The religiously standard way:

$ gem install ParseTree sourcify

Or on 1.9.* or JRuby:

$ gem install ruby_parser file-tail sourcify

Sourcify adds 4 methods to Proc

1. Proc#to_source

Returns the code representation of the proc:

require 'sourcify'

lambda { x + y }.to_source
# >> "proc { (x + y) }"

proc { x + y }.to_source
# >> "proc { (x + y) }"

Like it or not, a lambda is represented as a proc when converted to source (exactly the same way as ParseTree). It is possible to only extract the body of the proc by passing in {:strip_enclosure => true}:

lambda { x + y }.to_source(:strip_enclosure => true)
# >> "(x + y)"

lambda {|i| i + 2 }.to_source(:strip_enclosure => true)
# >> "(i + 2)"

2. Proc#to_sexp

Returns the S-expression of the proc:

require 'sourcify'

x = 1
lambda { x + y }.to_sexp
# >> s(:iter,
# >>  s(:call, nil, :proc, s(:arglist)),
# >>   nil,
# >>    s(:call, s(:lvar, :x), :+, s(:arglist, s(:call, nil, :y, s(:arglist)))))

To extract only the body of the proc:

lambda { x + y }.to_sexp(:strip_enclosure => true)
# >> s(:call, s(:lvar, :x), :+, s(:arglist, s(:call, nil, :y, s(:arglist)))))

3. Proc#to_raw_source

Unlike Proc#to_source, which returns code that retains only functional aspects, fetching of raw source returns the raw code enclosed within the proc, including fluff like comments:

lambda do |i|
  i+1 # (blah)
end.to_raw_source
# >> "proc do |i|
# >>   i+1 # (blah)
# >> end"

NOTE: This is extracting of raw code, it relies on static code scanning (even when running in ParseTree mode), the gotchas for static code scanning always apply.

4. Proc#source_location

By default, this is only available on 1.9.*, it is added (as a bonus) to provide consistency under 1.8.*:

# /tmp/test.rb
require 'sourcify'

lambda { x + y }.source_location
# >> ["/tmp/test.rb", 5]

Sourcify adds 3 methods to Method

IMPORTANT: These only work for MRI-1.9.2, as currently, only it supports (1) discovering of the original source location with Method#source_location, and (2) reliably determinig a method’s parameters with Method#parameters.

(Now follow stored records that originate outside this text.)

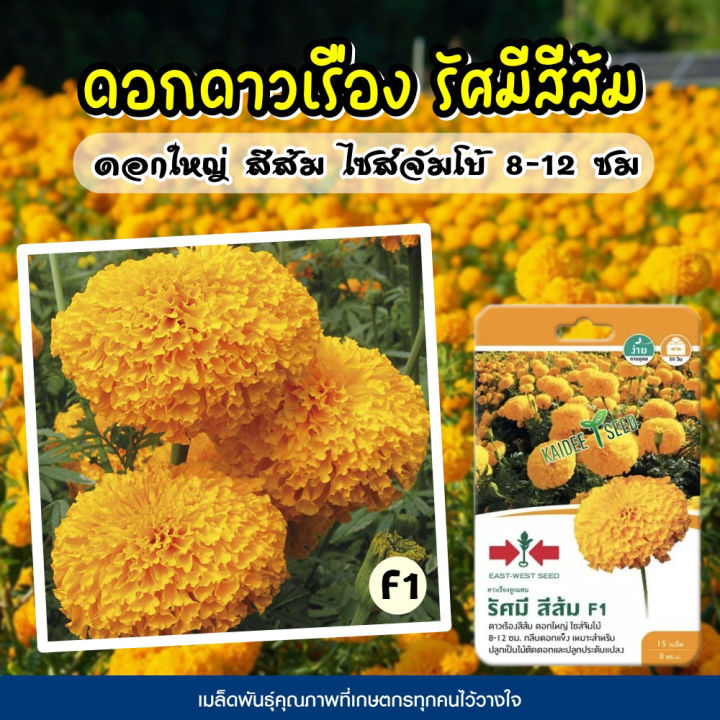 เมล็ดพันธุ์ศรแดง ดาวเรือง ลูกผสม รัศมีสีส้ม ดอกใหญ่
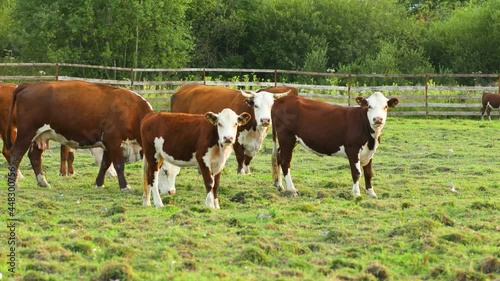 Cows graze in the meadow and eat grass. The cows are looking at the camera. Country life.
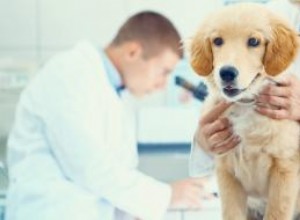 Sangre en la Orina del Perro: Causas, Síntomas y Tratamientos Recomendados por Veterinarios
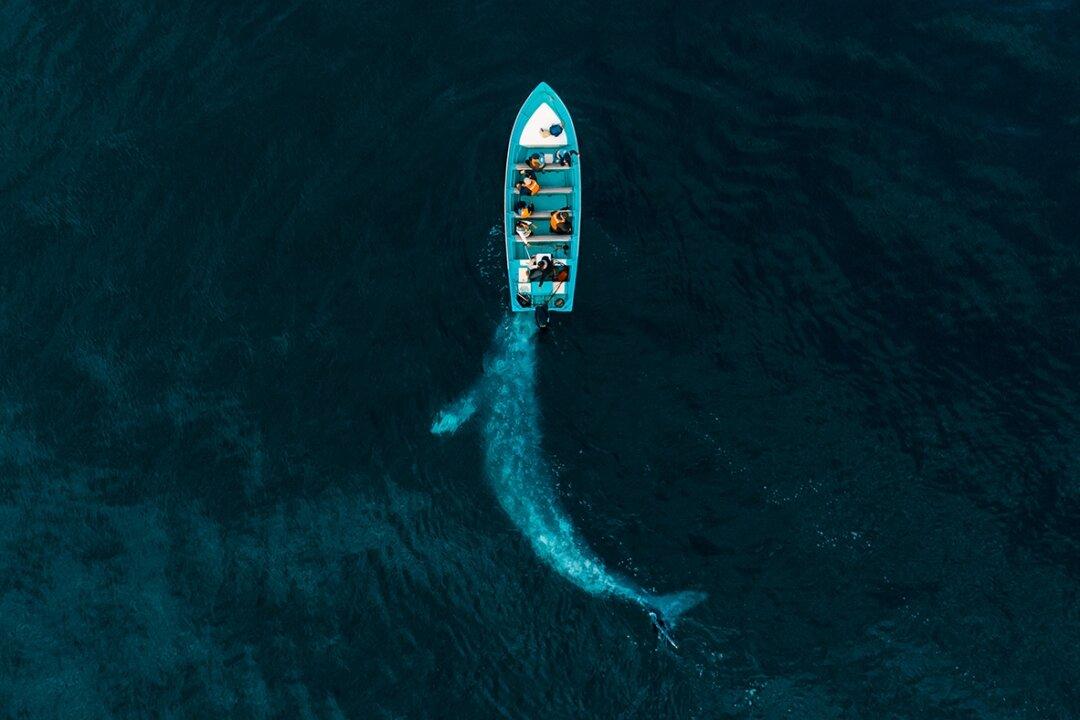 ‘IndividuWhale’ Introduces Users to ‘Solé,’ ‘Scarlett,’ and Other Gray Whales Along the Oregon Coast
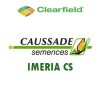 Imeria CS CL - 75.000 seminte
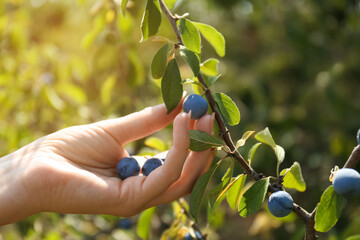 Woman picking sloe berries off bush outdoors, closeup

Attempting to use these methods on other rubies will raise Sourcify::PlatformNotSupportedError.

NOTE: The following works for methods defined using both def .. end & Module#define_method. However, when a method is defined using the later approach, sourcify uses Proc#to_source to handle the processing, thus, the usual gotchas related to proc source extraction apply.

1. Method#to_source

Returns the code representation of the method:

require 'sourcify'

class MyMath
  def self.sum(x, y)
    x + y # (blah)
  end
end

MyMath.method(:sum).to_source
# >> "def sum(x, y)
# >>   (x + y)
# >> end"

Just like the Proc#to_source equivalent, u can set :strip_enclosure => true to extract only the body within.

2. Method#to_sexp

Returns the S-expression of the method:

require 'sourcify'

class MyMath
  def self.sum(x, y)
    x + y # (blah)
  end
end

MyMath.method(:sum).to_sexp
>> s(:defn,
>>  :sum,
>>  s(:args, :x, :y),
>>  s(:scope, s(:block, s(:call, s(:lvar, :x), :+, s(:arglist, s(:lvar, :y))))))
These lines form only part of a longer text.